The integumentary system includes the skin, hair and nails. Our discussion will focus primarily on the skin. Notice that the skin is composed of three layers (i.e., epidermis, dermis, and hypodermis. The epidermis is the outermost layer and is composed of mostly dead cells. This is an example of stratified squamous epithelium (remember this from epithelium section). These dead cells are imbedded in a meshwork of a protein called keratin. This protein provides a waterproofing layer covering the body. There are also melanocytes (i.e., produce skin's pigmentation). The dermis is the thickest part in the middle. The dermis contains many structures. The hair follicle secretes and grows hair. The arrector pili muscle is a smooth muscle that causes hair to stand upright when they contract. This contraction is what causes "goose bumps". The sebaceous gland is closely associated with the hair follicle, and secretes oil. The sweat gland secretes sweat, which is an essential function in maintaining a constant body temperature. There are capillaries (i.e., blood vessels) and a variety of nerve endings (i.e., sensory receptors). The hypodermis (i.e., subcutaneous layer) is the innermost layer of the skin. It usually has a layer of adipose tissue, which serves to insulate the inner tissues, and also nerves, arteries, and veins.
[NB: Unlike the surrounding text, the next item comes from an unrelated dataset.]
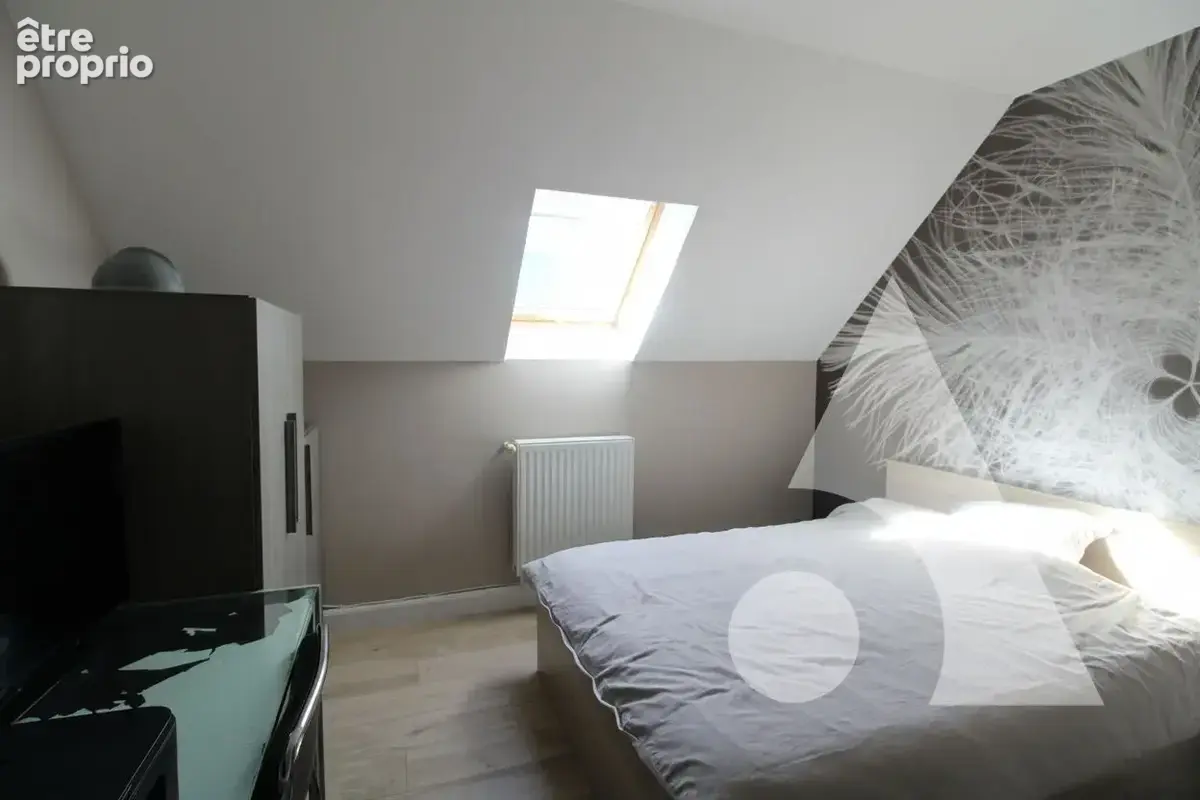 Maison Breuil-le-vert 3 pièce(s) 83 m2 - photo 10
Exercise 19: Water Absorption and Transport in Plants

This exercise deals primarily with the vascular tissues. Remember, there are two types of vascular tissues: xylem and phloem. Xylem is responsible for transporting water and dissolved minerals. Xylem transport is always upward. Water forms a continuous column in the xylem for two reasons: 1. The molecules of water interact with one another because of hydrogen bonding between them and 2. Water adheres to the sides of the vessels because of its polar nature. Phloem is responsible for transporting the organic nutrients produced during photosynthesis. This transport process is referred to as translocation. Translocation through phloem can be either upward or downward. Xylem is composed of vessel cells or tracheids, depending on the type of plant. Study figure 19.1 and notice the tiny pores between adjacent cells of xylem. These pores allow lateral movement of minerals. When water is absorbed by root hairs, it moves in a lateral direction until it enters a xylem vessel. Surrounding the xylem vessels is an endodermis, which are impermeable cells that form the Casparian strip. The Casparian strip allows some control over the flow of water into the xylem vessels. Phloem is composed of sieve tube cells and companion cells. The sieve tube cells are larger cells that contain no nucleus. The companion cells are smaller with a nucleus that are adjacent to the sieve tube cells.